1. ## Integer compression

Hello users,

I am currently looking for an integer compression algorithm.
My sample number is attached.

It is possible to interpret this huge number with much smaller amount of data? Maybe with integer factorization or similar math operations? Or with an algorithm?

Thanks a lot for your willingness.

Best regards,
CompressMaster

2. The question is (as always): where did you get this number from? How did you calculate/generate it?

3. This number has been generated randomly by myself.

4. Originally Posted by CompressMaster
This number has been generated randomly by myself.
seed(X)

for (int i=0; i<N; i++) rndInt();

save X and N, it's max compression

5. SpyFX,
thanks for your reply. But I am afraid I´m don´t understand you properly...

"X" stands for an integer?
Could you give me detailed description of an algorithm you´ve described?
Thanks.

6. CompressMaster, how did you generate that number exactly.

7. By typing RANDOMLY numbers, of course.

8. Aha, I see.
Typing "random" digits - the result is usually not random. (Your favorite digits are 6 and 4 (151 and 134 times; 20% and 18%). 0 occurs only 17 times (2%). This is not random.)

And what is your purpose? Why would you like to compress it?

9. Originally Posted by CompressMaster
By typing RANDOMLY numbers, of course.
The probability of creating a distribution of decimal digits like this:

0: 17
1: 92
2: 25
3: 42
4: 134
5: 58
6: 151
7: 92
8: 55
9: 59

with a random number generator is at most one in a googol.

Originally Posted by CompressMaster
It is possible to interpret this huge number with much smaller amount of data? Maybe with integer factorization or similar math operations? Or with an algorithm?
The data can be compressed to a smaller amount by almost any compressor. Without additional details on the nature of the data or desired performance goals it is impossible to recommend a particular compressor.

10. he was described the source, we just need to build model of It

11. ## The Following User Says Thank You to Bulat Ziganshin For This Useful Post:

12. Originally Posted by Kennon Conrad
The probability of creating a distribution of decimal digits like this:

0: 17
1: 92
2: 25
3: 42
4: 134
5: 58
6: 151
7: 92
8: 55
9: 59

with a random number generator is at most one in a googol.

this is nonetheless possible and an eventual 'certainty' , keep at it .... or even better try improves on this 'certainty' : )

13. Originally Posted by LawCounsels
this is nonetheless possible and an eventual 'certainty' , keep at it .... or even better try improves on this 'certainty' : )
Yes, there is a chance. This is why people play the lottery.

14. Originally Posted by LawCounsels
this is nonetheless possible and an eventual 'certainty' , keep at it .... or even better try improves on this 'certainty' : )
supposes we want to make use of NN as 'blackbox' tool

whats the current brief rationale for NN in latest state of art lossless data compressions ?

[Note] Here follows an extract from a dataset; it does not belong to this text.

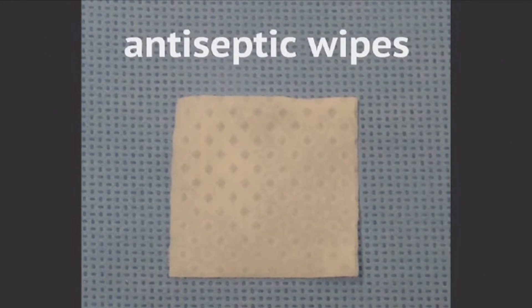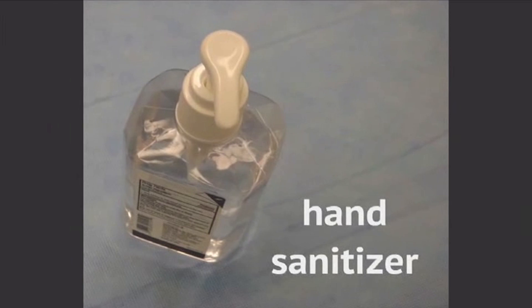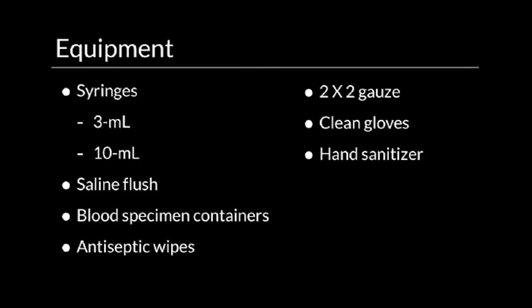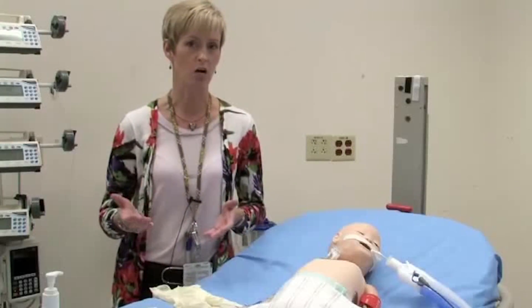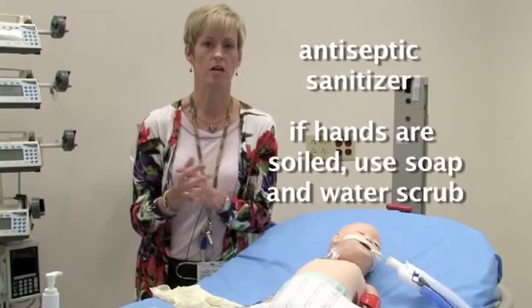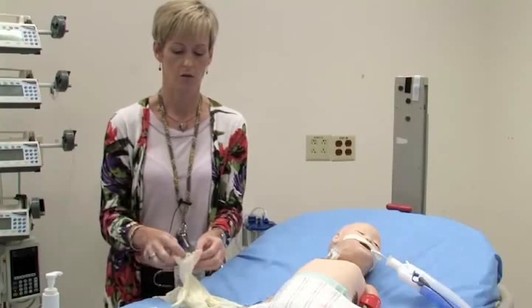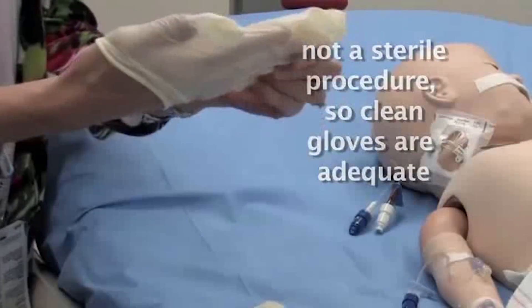Additional equipment includes: antiseptic wipes, 2x2 gauze, clean gloves, and hand sanitizer. To begin, we always start by explaining to the patient if it's age appropriate, and cleaning our hands using an antiseptic sanitizer. If hands are soiled, soap and water scrub would be used. After explaining to the patient, we get our equipment ready, starting with gloves. This is not a sterile procedure, so clean gloves are adequate and there is no need for a mask.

15. Originally Posted by LawCounsels
supposes we want to make use of NN as 'blackbox' tool

whats the current brief rationale for NN in latest state of art lossless data compressions ?
FURTHER can a generic neural network structures ( not purpose made into eg RNN structure nor prior endowed with anything at all eg Arithmetic Coder capability ) be made to learn on its own to effective compress data lossless ?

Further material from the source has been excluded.